L’entreprise ambidextre

Cette différence est un des points clés pour les entreprises qui veulent innover. L'écueil que l’on rencontre le plus souvent chez les entreprises avec lesquelles nous travaillons, c’est que l’innovation et la recherche de nouveaux business models sont traités de la même manière que l'exécution / amélioration / optimisation : les mêmes process, les mêmes grilles d’analyses, les mêmes méthodes de reporting et les mêmes indicateurs de succès et d’échec (et de ROI).

Et ce traitement identique est, de notre point de vue, une erreur.
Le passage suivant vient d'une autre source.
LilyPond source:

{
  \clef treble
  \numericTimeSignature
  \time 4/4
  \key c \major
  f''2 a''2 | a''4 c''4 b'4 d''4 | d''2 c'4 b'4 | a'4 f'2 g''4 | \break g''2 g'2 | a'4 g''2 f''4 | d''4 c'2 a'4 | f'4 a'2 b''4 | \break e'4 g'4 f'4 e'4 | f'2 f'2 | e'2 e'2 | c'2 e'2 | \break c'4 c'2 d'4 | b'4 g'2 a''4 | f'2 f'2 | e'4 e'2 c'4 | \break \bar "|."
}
Car pour innover, il faut embrasser pleinement l’incertitude, prendre le temps d’explorer, de tester, d’avancer par essai-erreur et de prioriser l’apprentissage sur le ROI à court terme (on aura l’occasion de reparler de ce sujet). Il faut dans ce contexte accepter, et même inciter l'échec (et surtout l'apprentissage qui va avec). Ce qui nous amène à introduire le concept d’organisation ambidextre :
Le modèle d’organisation ambidextre constitue l’une des réponses avancées par la littérature pour développer des innovations radicales dans les grandes entreprises. Il met en avant la coexistence d’unités dédiées à l’exploitation et d’autres à l’exploration et au développement de ces innovations.

Sihem Ben Mahm oud Jouini, HEC - CRG (CNRS & Ecole polytechnique) Florence Charue-Duboc, CRG (CNR S & Ecole polytechnique) François Fourcade, ESCP-EAP


C’est à notre sens une des clés pour faire cohabiter ces deux objectifs nécessaires d’exécution et d'exploration. Et même si cela ne semble être que l’apanage des grandes entreprises, il est crucial pour chaque entreprise, quelle que soit sa taille, de distinguer dans son organisation ce qui concerne l’exécution de ce qui concerne l’exploration. Et de les traiter différemment.
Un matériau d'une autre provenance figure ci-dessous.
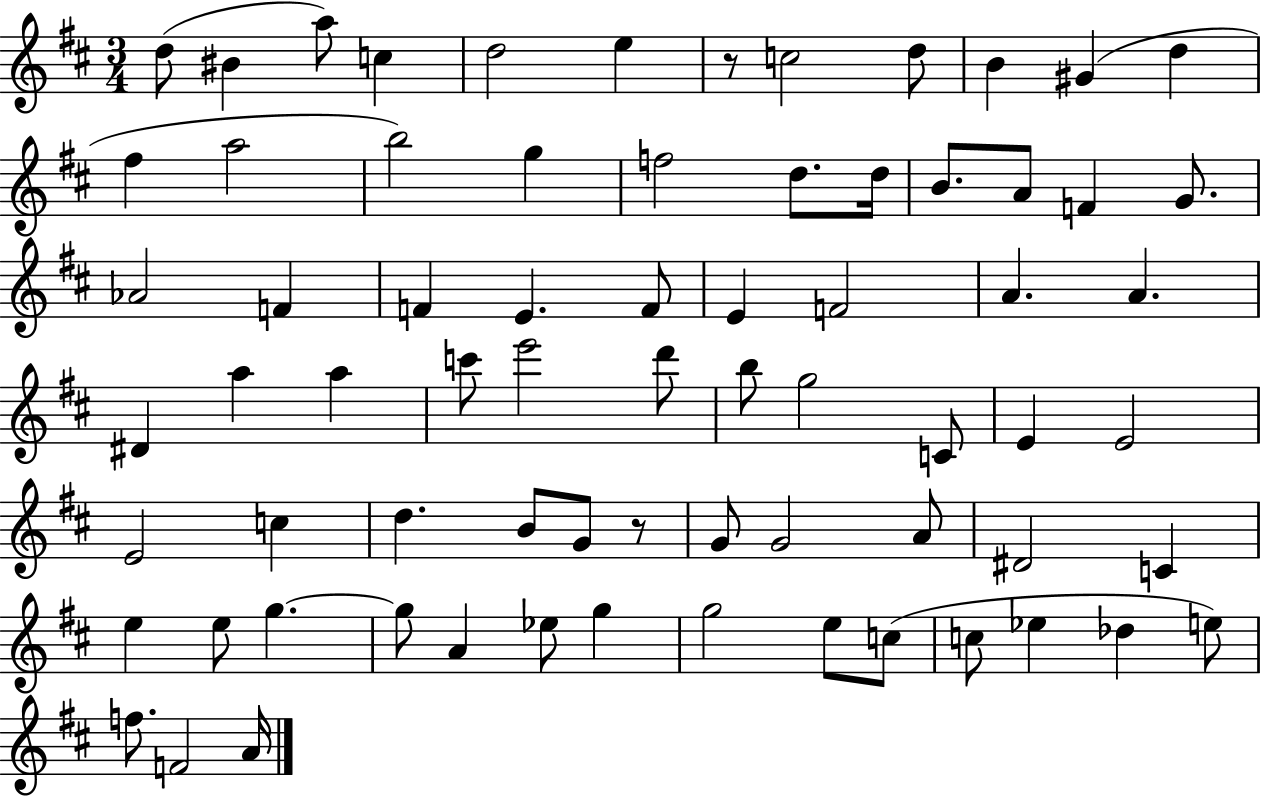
{
  \clef treble
  \numericTimeSignature
  \time 3/4
  \key d \major
  d''8( bis'4 a''8) c''4 | d''2 e''4 | r8 c''2 d''8 | b'4 gis'4( d''4 | \break fis''4 a''2 | b''2) g''4 | f''2 d''8. d''16 | b'8. a'8 f'4 g'8. | \break aes'2 f'4 | f'4 e'4. f'8 | e'4 f'2 | a'4. a'4. | \break dis'4 a''4 a''4 | c'''8 e'''2 d'''8 | b''8 g''2 c'8 | e'4 e'2 | \break e'2 c''4 | d''4. b'8 g'8 r8 | g'8 g'2 a'8 | dis'2 c'4 | \break e''4 e''8 g''4.~~ | g''8 a'4 ees''8 g''4 | g''2 e''8 c''8( | c''8 ees''4 des''4 e''8) | \break f''8. f'2 a'16 | \bar "|."
}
Sans aller jusqu'à créer des unités dédiées (ce n'est pas envisageable pour toutes les tailles d'entreprises), il s'agit de traiter différemment exploration et exécution, d’avoir au minimum des approches et des méthodes d’analyses et de reporting dédiées. Sans oublier la diffusion d’une culture entrepreneuriale, d'abord auprès les personnes concernées par l’innovation, puis pour tout le monde. Car, au-delà de réussir à faire vivre des démarches d’innovation internes, le succès de l’entreprise dépendra de la manière dont les deux parties, l’exécution et l’exploration, peuvent cohabiter de manière équilibrée et durable pour assurer le développement de l'entreprise.

Gérer et structurer l’innovation au sein d’une entreprise est le sujet du moment au Shift, ce n’est donc que le début d’une série d’articles sur le sujet.